To open an existing file for adding/modifying its data one can open it in 'r+' mode. 'a' mode enables adding content to a non-existing file by automatically creating it as a new file.
Note that the command line flag '--append' (also in its documentation) suggests that it is appending data to the file and not modifying its already contained datasets.
If we do not ensure in our implementation that the new information added to the file will not modify existing datasets/attributes, I suggest to call the new feature, '--merge' or '--update'. Otherwise, it could be '--add', or '--append'.

Note that the data converter does not know about the old file and does not check it, so cannot guarantee data consistency in it. Until know, it was the duty of the reader to guarantee that, but it only guarantees it for the content to be added/updated/merged. Any data left untouched, and their consistency (also semantic meaning) may be broken.
E.g.
/myentry/oldprocessing (which may stored the data processing results of the content in /enty) can become completely detached from an updated /myentry
This can lead to a complete misinterpretation. Hence, it must be stressed that the data consistency must be checked and guaranteed by the person/code running the data converter in this mode. I would probably chose an even stronger flag to reflect this (e.g. '--manipulate').

sanbrock · 2025-01-14T18:09:43Z

A related question is about the root attributes. Their semantic meaning (e.g. file creation, or which software has produced the file, or which version of the NeXus definitions were used, etc.) should cover the whole file which is not possible in this mode since we manipulate only part of it.
A better (or at least cleaner) approach is to create separate files and link their contents.
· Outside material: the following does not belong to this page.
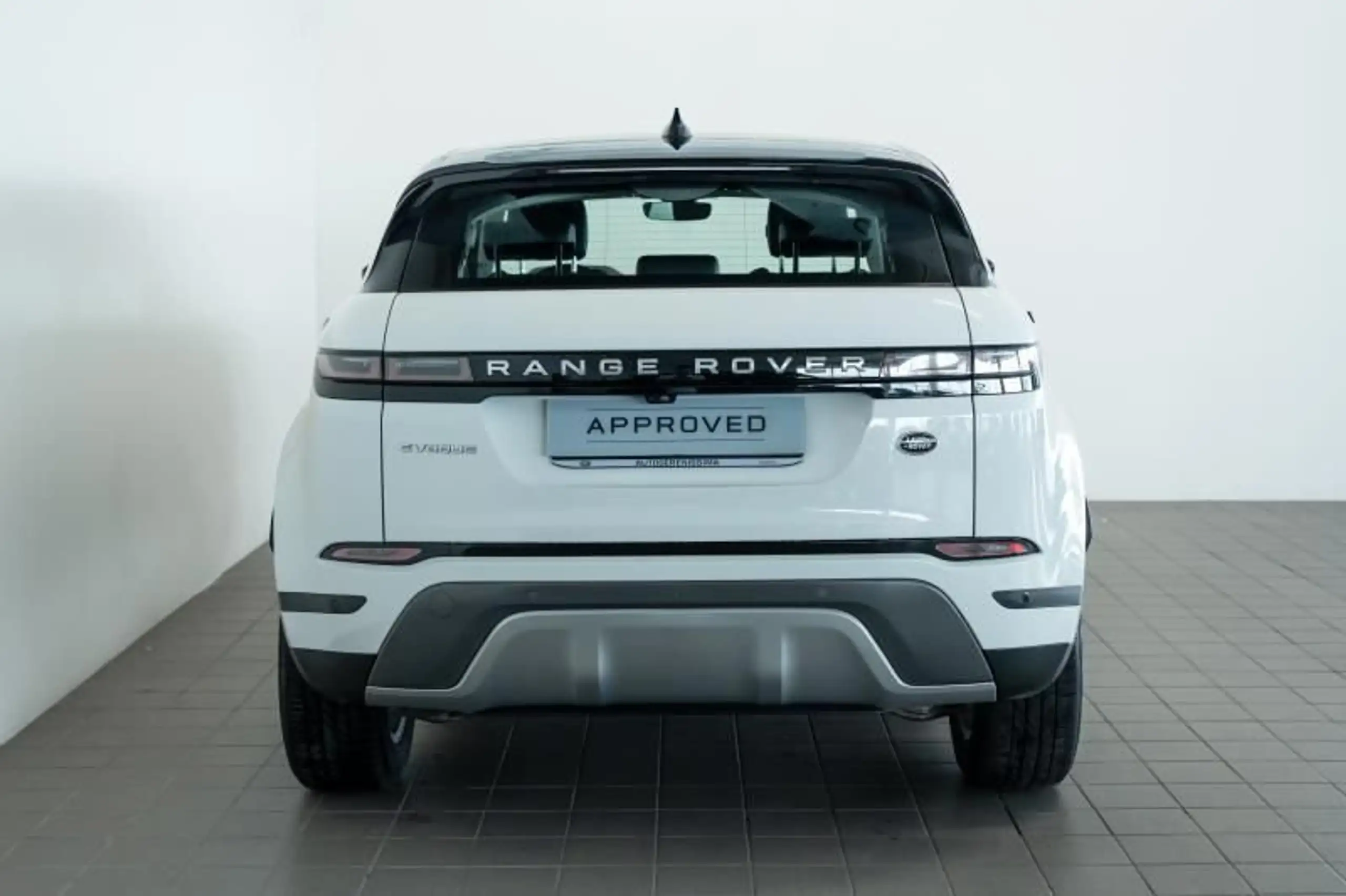 Land Rover - Range Rover Evoque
All pieces should be consistent in themselves, and whoever is linking them using a new master file shall guarantee the consistency of the new tree.

sanbrock · 2025-01-14T18:12:43Z

Note that this approach in an RDM also solves the problem of versioning, because here, we always create a new (version of the) file, so the RDM can easily connect the different versions (e.g. using the experiment identifier).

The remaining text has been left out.